### Source data
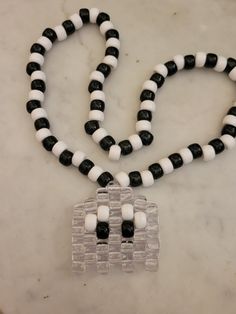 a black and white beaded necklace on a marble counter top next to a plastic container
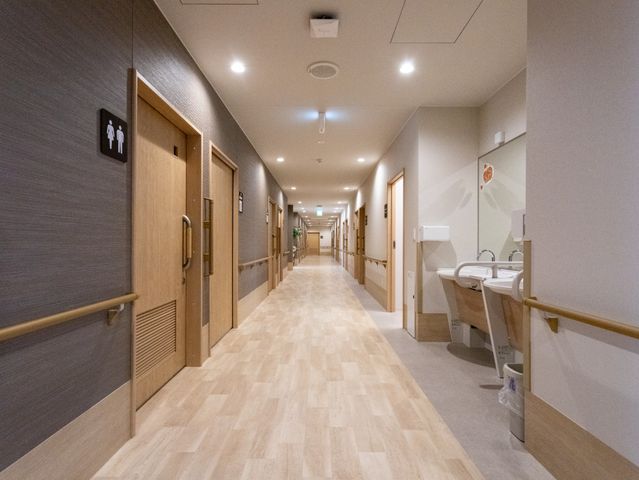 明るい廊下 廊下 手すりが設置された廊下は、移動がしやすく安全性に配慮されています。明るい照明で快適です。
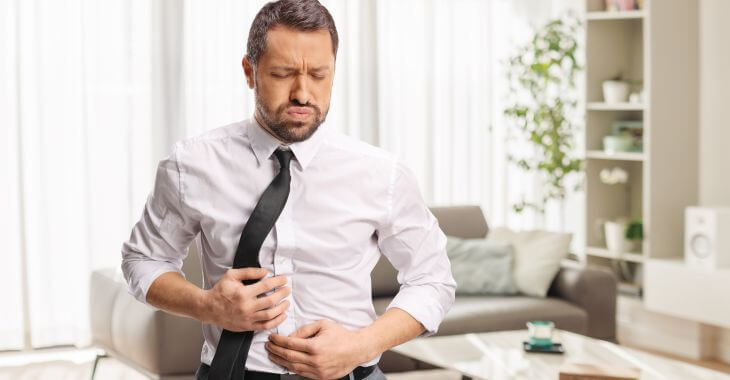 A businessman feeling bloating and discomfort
* * *
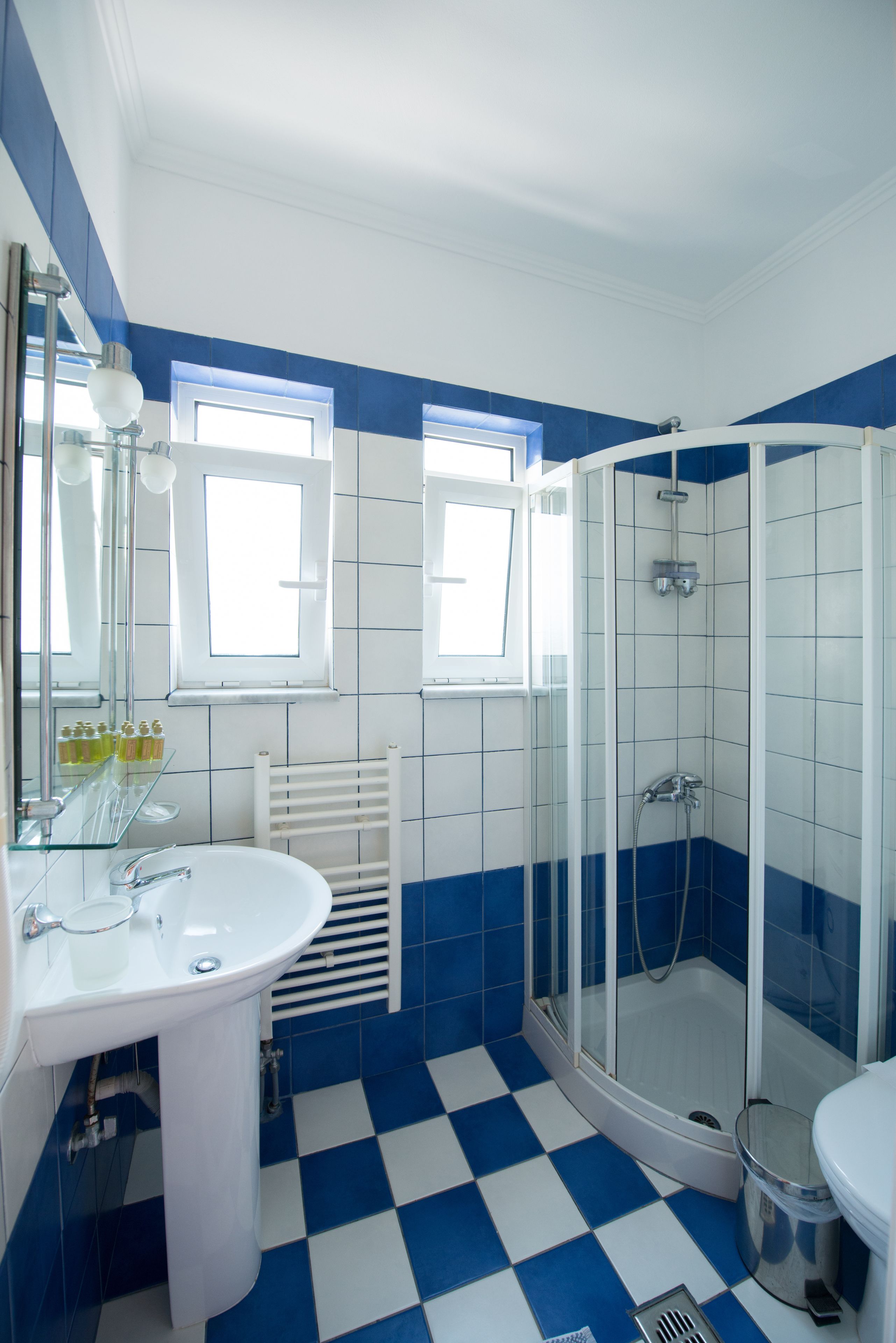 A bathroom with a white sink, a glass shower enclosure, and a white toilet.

### Task instructions
The answer is the lines above from the one with "a black and" to the one with "A businessman feeling", set down exactly, with no pictures.

### Exercise result
 a black and white beaded necklace on a marble counter top next to a plastic container
 明るい廊下 廊下 手すりが設置された廊下は、移動がしやすく安全性に配慮されています。明るい照明で快適です。
 A businessman feeling bloating and discomfort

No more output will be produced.